19 Maar David zag, dat zijn knechten mompelden; zo merkte David, dat het kind dood was. Dies zeide David tot zijn knechten: Is het kind dood? En zij zeiden: Het is dood.
Mas quando David viu que seus criados estavam sussurrando juntos, David percebeu que a criança estava morta; e David disse a seus criados: “A criança está morta”? Eles disseram: “Ele está morto”.
20 Toen stond David op van de aarde, en wies en zalfde zich, en veranderde zijn kleding, en ging in het huis des HEEREN, en bad aan; daarna kwam hij in zijn huis, en eiste brood; en zij zetten hem brood voor, en hij at.
Então David levantou-se da terra, lavou-se e ungiu-se, e mudou de roupa; e entrou na casa de Yahweh, e adorou. Depois veio para sua própria casa; e quando pediu, puseram pão diante dele e ele comeu.

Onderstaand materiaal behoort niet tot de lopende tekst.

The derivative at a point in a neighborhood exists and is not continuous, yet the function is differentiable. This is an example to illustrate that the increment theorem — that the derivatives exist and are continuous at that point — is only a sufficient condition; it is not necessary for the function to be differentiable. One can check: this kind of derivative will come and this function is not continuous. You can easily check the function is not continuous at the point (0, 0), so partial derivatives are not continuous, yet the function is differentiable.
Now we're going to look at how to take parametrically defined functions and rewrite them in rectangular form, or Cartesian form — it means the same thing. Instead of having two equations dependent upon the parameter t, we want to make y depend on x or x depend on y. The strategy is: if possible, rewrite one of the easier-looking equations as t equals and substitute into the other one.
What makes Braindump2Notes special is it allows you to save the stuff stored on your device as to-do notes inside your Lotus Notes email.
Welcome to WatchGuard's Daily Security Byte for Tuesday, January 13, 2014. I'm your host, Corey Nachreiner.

21 Zo zeiden zijn knechten tot hem: Wat is dit voor een ding, dat gij gedaan hebt? Om des levenden kinds wil hebt gij gevast en geweend; maar nadat het kind gestorven is, zijt gij opgestaan en hebt brood gegeten.
Então seus servos lhe disseram: “O que é isso que você fez? Você jejuou e chorou pela criança enquanto ela estava viva, mas quando a criança estava morta, você se levantou e comeu pão”.

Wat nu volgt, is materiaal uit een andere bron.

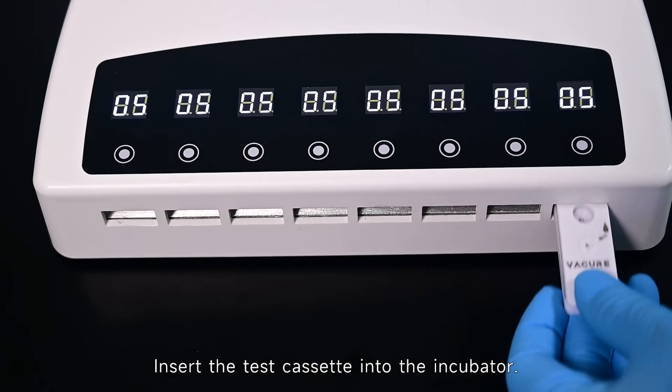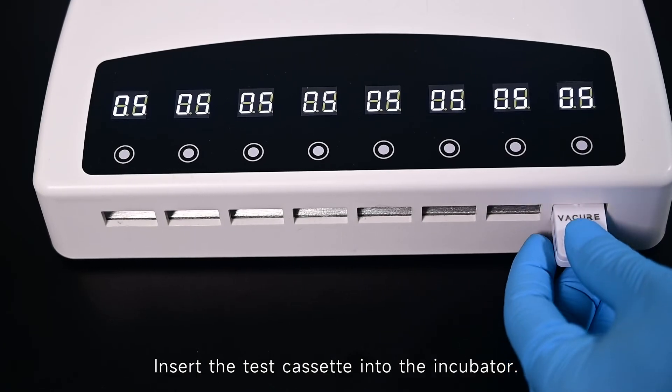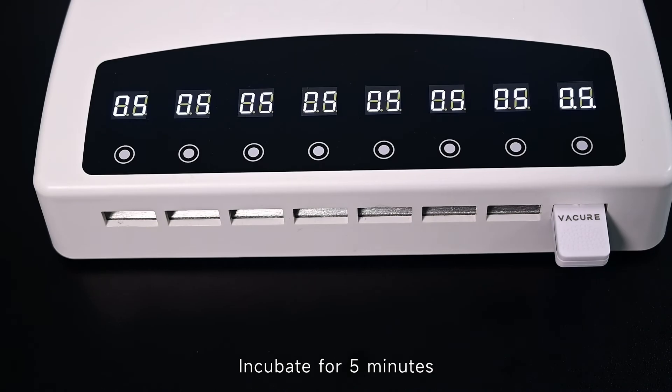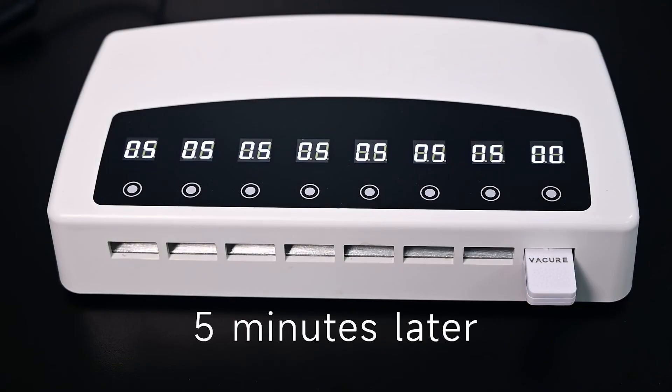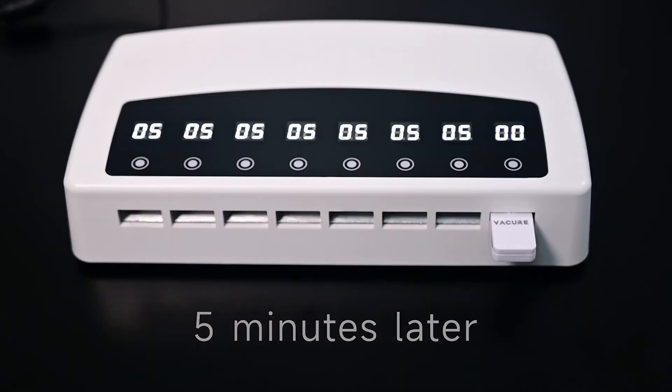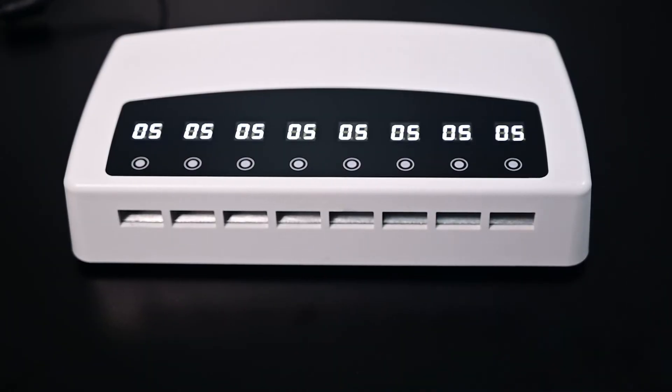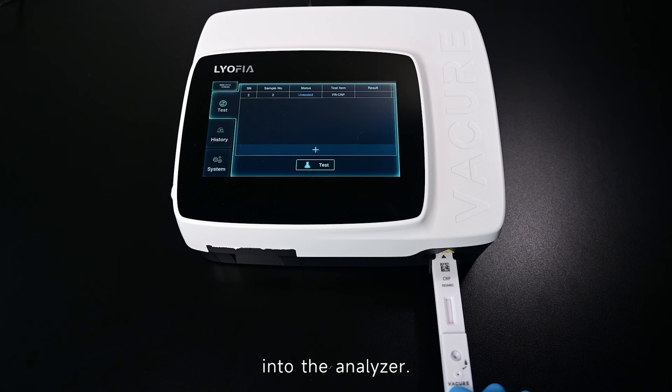Insert the test cassette into the incubator and incubate for 5 minutes. Remove it and place it into the analyzer.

22 En hij zeide: Als het kind nog leefde, heb ik gevast en geweend; want ik zeide: Wie weet, de HEERE zou mij mogen genadig zijn, dat het kind levend bleve.
Ele disse: “Enquanto a criança ainda estava viva, eu jejuei e chorei; pois eu disse: 'Quem sabe se Yahweh não será gracioso comigo, para que a criança possa viver?

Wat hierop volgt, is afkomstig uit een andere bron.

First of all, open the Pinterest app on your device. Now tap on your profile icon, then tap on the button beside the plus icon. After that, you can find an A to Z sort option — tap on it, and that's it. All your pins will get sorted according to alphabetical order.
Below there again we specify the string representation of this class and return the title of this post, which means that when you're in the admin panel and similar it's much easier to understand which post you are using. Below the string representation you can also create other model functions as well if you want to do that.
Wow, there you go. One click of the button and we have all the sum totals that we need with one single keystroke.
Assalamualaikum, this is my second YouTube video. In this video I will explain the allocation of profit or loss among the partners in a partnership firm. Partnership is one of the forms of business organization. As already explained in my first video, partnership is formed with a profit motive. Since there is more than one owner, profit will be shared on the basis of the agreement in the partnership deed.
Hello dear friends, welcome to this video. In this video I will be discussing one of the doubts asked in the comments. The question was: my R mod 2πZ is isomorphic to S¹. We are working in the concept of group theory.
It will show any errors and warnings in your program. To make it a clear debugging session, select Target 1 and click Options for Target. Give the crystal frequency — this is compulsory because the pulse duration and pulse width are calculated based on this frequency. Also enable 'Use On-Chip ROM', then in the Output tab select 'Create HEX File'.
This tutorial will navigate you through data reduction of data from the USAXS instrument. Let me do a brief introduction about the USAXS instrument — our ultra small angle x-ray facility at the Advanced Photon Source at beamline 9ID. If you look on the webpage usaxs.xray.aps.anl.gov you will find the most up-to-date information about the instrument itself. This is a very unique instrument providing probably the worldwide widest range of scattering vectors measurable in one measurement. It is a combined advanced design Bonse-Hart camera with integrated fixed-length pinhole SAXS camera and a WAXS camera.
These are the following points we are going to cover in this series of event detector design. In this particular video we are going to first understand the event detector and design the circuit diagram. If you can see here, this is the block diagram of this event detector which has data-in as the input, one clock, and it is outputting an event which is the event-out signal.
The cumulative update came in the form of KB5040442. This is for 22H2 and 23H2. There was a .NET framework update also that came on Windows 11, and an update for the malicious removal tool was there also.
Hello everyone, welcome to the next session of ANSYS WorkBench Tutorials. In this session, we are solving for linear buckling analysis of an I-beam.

23 Maar nu is het dood, waarom zou ik nu vasten? Zal ik hem nog kunnen wederhalen? Ik zal wel tot hem gaan, maar hij zal tot mij niet wederkomen.
Mas agora ele está morto. Por que eu deveria jejuar? Posso trazê-lo de volta? Eu irei até ele, mas ele não voltará para mim”.
24 Daarna troostte David zijn huisvrouw Bathseba, en ging tot haar in, en lag bij haar; en zij baarde een zoon, wiens naam zij noemde Salomo; en de HEERE had hem lief.
David confortou Betsabá sua esposa, e foi até ela, e deitou-se com ela. Ela deu à luz um filho, e ele chamou-o de Salomão. Javé o amava;
25 En zond heen door de hand van den profeet Nathan, en noemde zijn naam Jedid-Jah, om des HEEREN wil.
e enviou pela mão de Natã o profeta, e lhe deu o nome de Jedidias, em nome de Javé.
26 Joab nu krijgde tegen Rabba der kinderen Ammons; en hij nam de koninklijke stad in.
Now Joab lutou contra Rabbah das crianças de Ammon, e tomou a cidade real.
27 Toen zond Joab boden tot David, en zeide: Ik heb gekrijgd tegen Rabba, ook heb ik de waterstad ingenomen.
Joab enviou mensageiros a David, e disse: “Eu lutei contra Rabbah”. Sim, eu tomei a cidade das águas.
28 Zo verzamel gij nu het overige des volks, en beleger de stad, en neem ze in; opdat niet, zo ik de stad zou innemen, mijn naam over haar uitgeroepen worde.
Agora, portanto, reúnam o resto do povo, acampem-se contra a cidade e tomem-na; para que eu não tome a cidade, e ela seja chamada pelo meu nome”.
29 Toen verzamelde David al dat volk, en toog naar Rabba; en hij krijgde tegen haar, en nam ze in.
David reuniu todo o povo e foi para Rabbah, lutou contra ela e a levou.
30 En hij nam de kroon haars konings van zijn hoofd af, welker gewicht was een talent gouds, met edelgesteente, en zij werd op Davids hoofd gezet; ook voerde hij uit een zeer groten roof der stad.
Ele tirou a coroa do rei deles de sua cabeça; e seu peso era um talento de ouro, e nele havia pedras preciosas; e foi colocado na cabeça de Davi. Ele trouxe uma grande quantidade de pilhagem para fora da cidade.
31 Het volk nu, dat daarin was, voerde hij uit, en leide het onder zagen, en onder ijzeren dorswagens, en onder ijzeren bijlen, en deed hen door den ticheloven doorgaan; en alzo deed hij aan alle steden der kinderen Ammons. Daarna keerde David, en al het volk, weder naar Jeruzalem.
Ele trouxe para fora as pessoas que estavam nela, e as colocou para trabalhar sob serras, sob picaretas de ferro, sob eixos de ferro, e as fez ir para o forno de tijolos; e o fez para todas as cidades das crianças de Ammon. Então Davi e todo o povo retornaram a Jerusalém.